"""

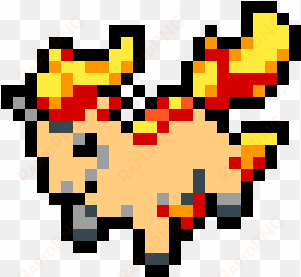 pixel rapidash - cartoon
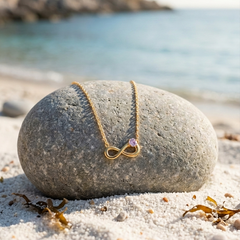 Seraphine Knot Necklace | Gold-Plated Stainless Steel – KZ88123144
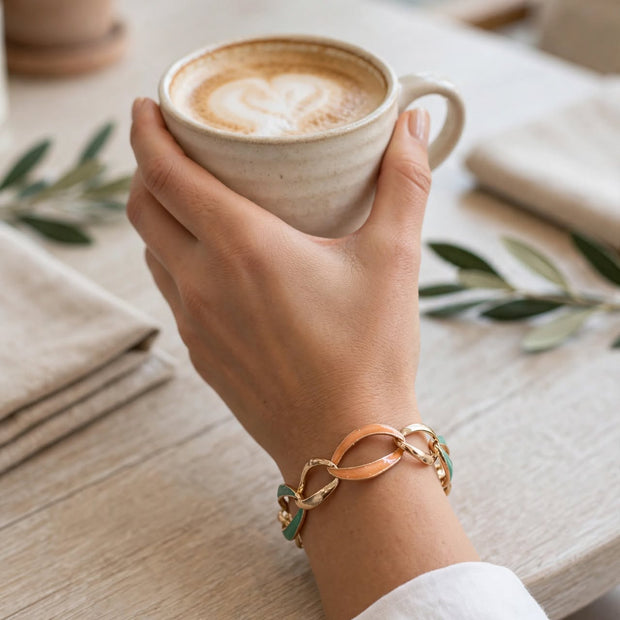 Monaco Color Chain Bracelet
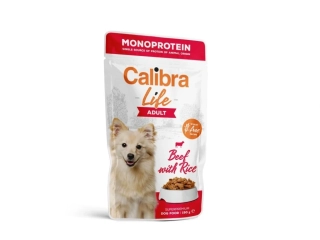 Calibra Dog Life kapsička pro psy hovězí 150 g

"""

Output the listing exactly. Leave out any image.

 pixel rapidash - cartoon
 Seraphine Knot Necklace | Gold-Plated Stainless Steel – KZ88123144
 Monaco Color Chain Bracelet
 Calibra Dog Life kapsička pro psy hovězí 150 g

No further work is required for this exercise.